* **Available records**:
**********

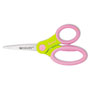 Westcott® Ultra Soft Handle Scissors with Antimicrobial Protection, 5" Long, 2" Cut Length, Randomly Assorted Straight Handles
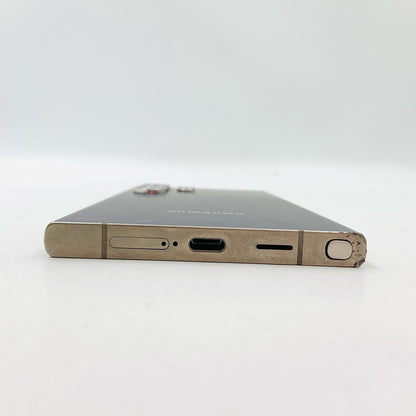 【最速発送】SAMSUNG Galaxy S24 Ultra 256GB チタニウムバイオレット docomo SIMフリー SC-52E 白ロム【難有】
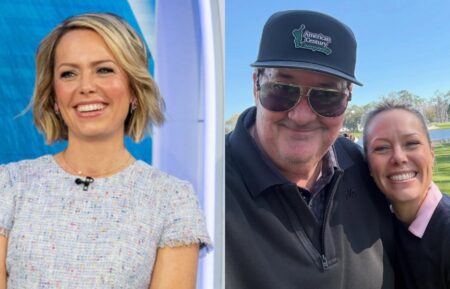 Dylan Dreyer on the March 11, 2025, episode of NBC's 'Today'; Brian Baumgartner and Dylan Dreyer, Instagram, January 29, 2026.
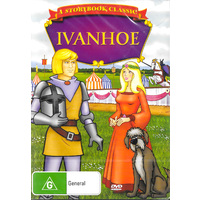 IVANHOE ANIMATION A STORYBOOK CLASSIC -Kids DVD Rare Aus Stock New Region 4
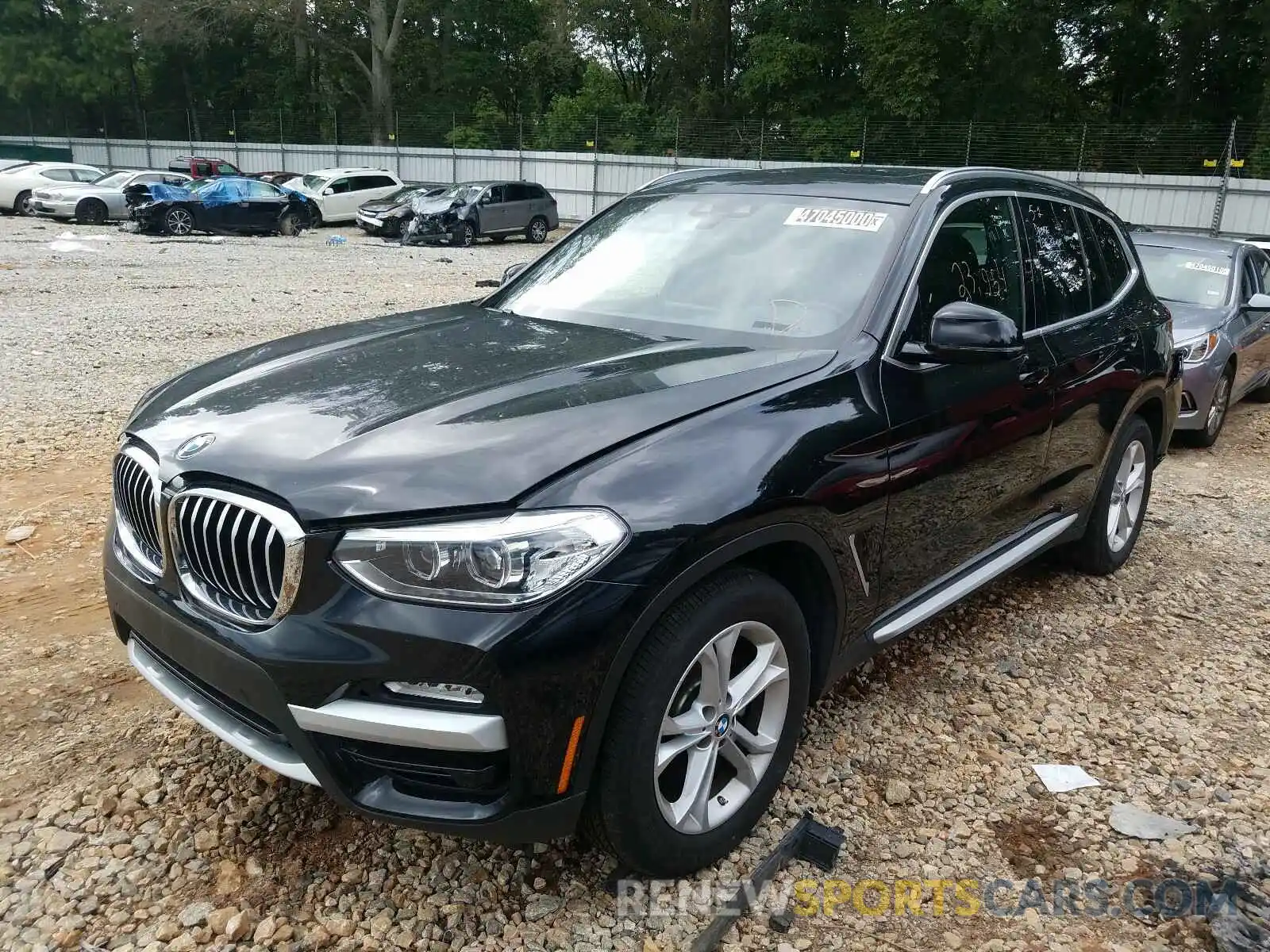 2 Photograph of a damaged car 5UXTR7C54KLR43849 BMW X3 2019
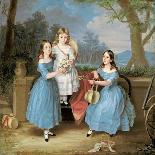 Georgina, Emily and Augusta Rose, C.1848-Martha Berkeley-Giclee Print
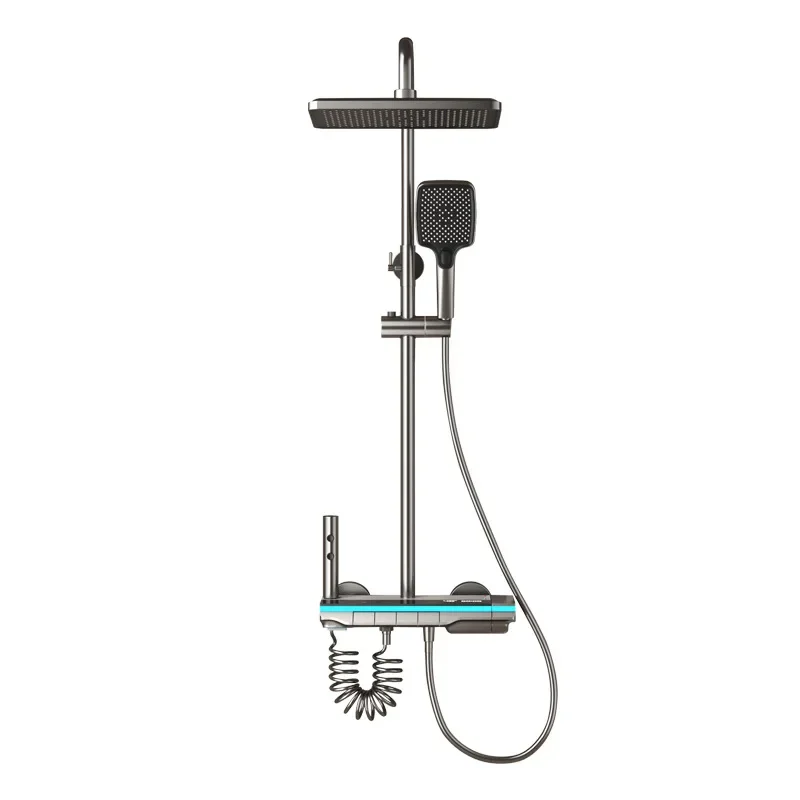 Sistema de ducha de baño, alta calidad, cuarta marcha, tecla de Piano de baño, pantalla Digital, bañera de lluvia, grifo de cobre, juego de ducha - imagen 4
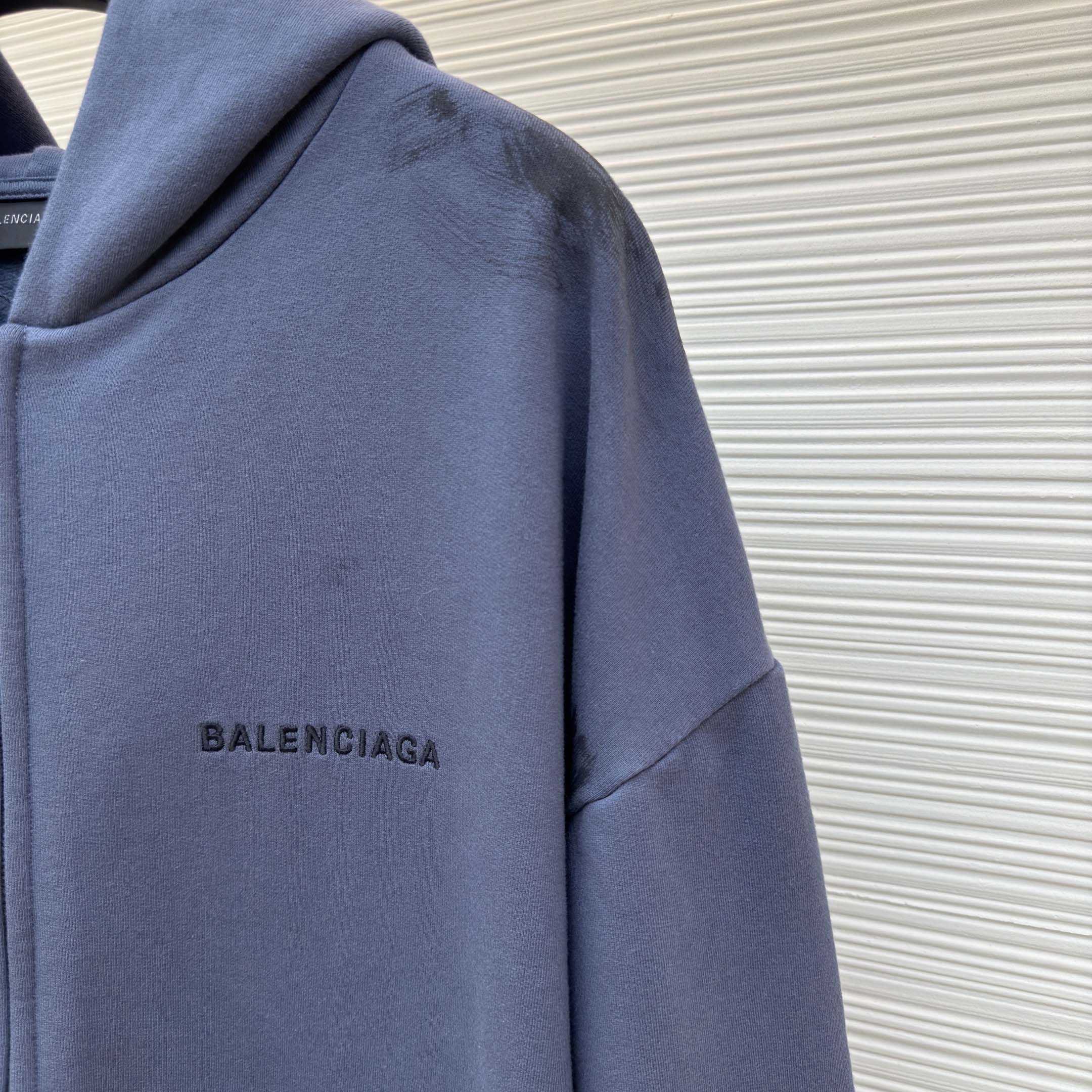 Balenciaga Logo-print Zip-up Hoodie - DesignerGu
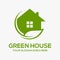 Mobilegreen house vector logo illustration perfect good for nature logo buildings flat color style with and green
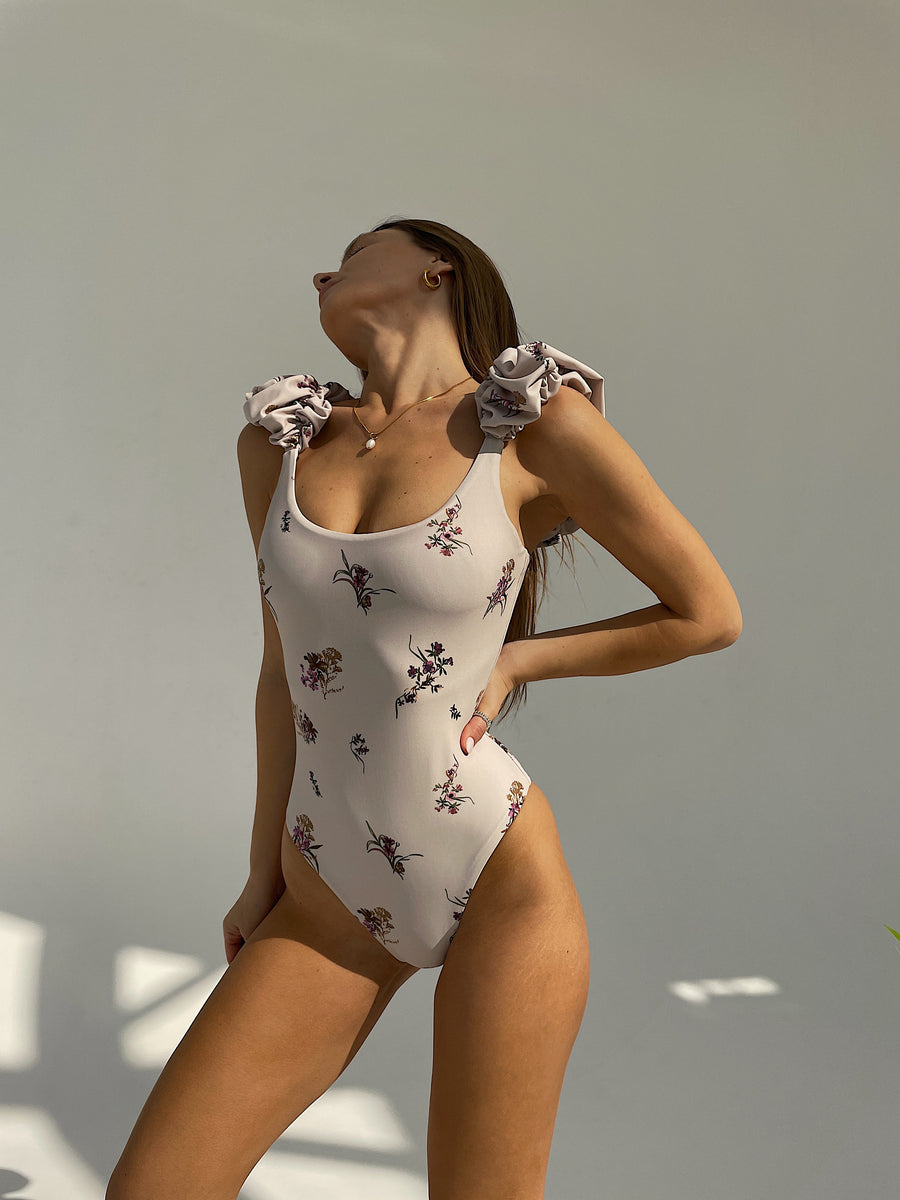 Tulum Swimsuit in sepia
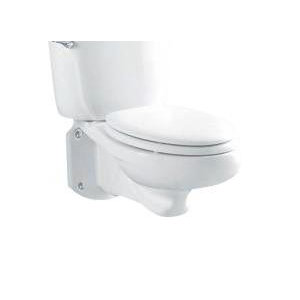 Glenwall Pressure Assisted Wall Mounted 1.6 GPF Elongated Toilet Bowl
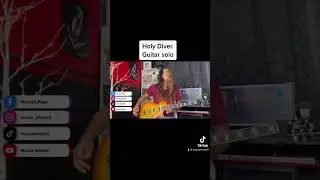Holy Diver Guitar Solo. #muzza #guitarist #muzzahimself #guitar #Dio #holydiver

**********

With pictures excluded, output the listing above exactly as it stands.

* **Task response**:
 Westcott® Ultra Soft Handle Scissors with Antimicrobial Protection, 5" Long, 2" Cut Length, Randomly Assorted Straight Handles
 【最速発送】SAMSUNG Galaxy S24 Ultra 256GB チタニウムバイオレット docomo SIMフリー SC-52E 白ロム【難有】
 Dylan Dreyer on the March 11, 2025, episode of NBC's 'Today'; Brian Baumgartner and Dylan Dreyer, Instagram, January 29, 2026.
 IVANHOE ANIMATION A STORYBOOK CLASSIC -Kids DVD Rare Aus Stock New Region 4
 2 Photograph of a damaged car 5UXTR7C54KLR43849 BMW X3 2019
 Georgina, Emily and Augusta Rose, C.1848-Martha Berkeley-Giclee Print
 Sistema de ducha de baño, alta calidad, cuarta marcha, tecla de Piano de baño, pantalla Digital, bañera de lluvia, grifo de cobre, juego de ducha - imagen 4
 Balenciaga Logo-print Zip-up Hoodie - DesignerGu
 Mobilegreen house vector logo illustration perfect good for nature logo buildings flat color style with and green
 Tulum Swimsuit in sepia
 Glenwall Pressure Assisted Wall Mounted 1.6 GPF Elongated Toilet Bowl
Holy Diver Guitar Solo. #muzza #guitarist #muzzahimself #guitar #Dio #holydiver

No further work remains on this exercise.